The bill standardizes and refocuses federal K–12 formula funding to better target high-poverty, small LEAs and provide predictability from FY2026, but it does so by redistributing existing dollars and fixing the formula in ways that will reduce funding for some districts, risking program cuts and trade-offs in equity.
Students and schools in high-poverty, small-student-count LEAs will receive fairer, more targeted per-student federal formula funding, improving resources and helping reduce education inequities in those high-poverty communities.
States and LEAs gain a clearer, predictable grant formula beginning FY2026 (and the bill preserves the larger-of-(B)-or-(C) rule through FY2025), making multi-year budgeting and program planning more stable for districts and state education agencies.
LEAs and states that benefit from the standardized clause (iii) weighted child count will get more stable EFIG awards starting FY2026, aiding financial predictability for those winners.
Some large LEAs or districts that previously received more under the old calculations will lose federal formula funding, reducing resources available to students and potentially forcing staff or program cuts.

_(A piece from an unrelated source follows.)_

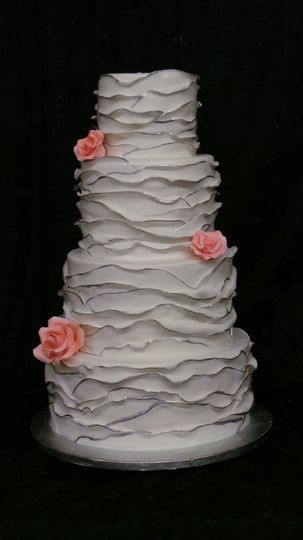 Wedding Cakes Harrisburg Pa
 Sweet Confections Cakes Wedding Cake Harrisburg PA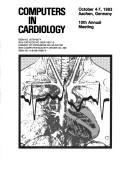 Cover for 1983 Computers in Cardiology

Because the bill redistributes existing appropriations rather than increasing total funding, districts that lose share may face budget shortfalls that require cutting programs, services, or staff.
Beginning in FY2026, some LEAs will receive lower grant amounts due to fixing the weighted child count to subparagraph (B), which could lead to reduced classroom resources and support services for low-income students in those districts.
Based on analysis of 4 sections of legislative text.
Introduced March 18, 2026 by Glenn Thompson · Last progress March 18, 2026
Changes how federal Title I and related Elementary and Secondary Education Act formulas count and weight children for grant awards so that percentage-based weighting (which favors high-poverty rates) replaces a number-based weighting (which has favored very large local educational agencies). The bill phases the change: through fiscal year 2025 grant formulas use the larger of two existing weighted-count calculations; beginning in fiscal year 2026 the formulas will use the percentage-focused calculation, shifting how fixed appropriations are distributed among LEAs. The change amends the weighted child-count rules used for Targeted Grants and Education Finance Incentive Grants, explains congressional findings about previous inequities, and does not create new funding — it redistributes existing Title I funds based on the revised weighting rules.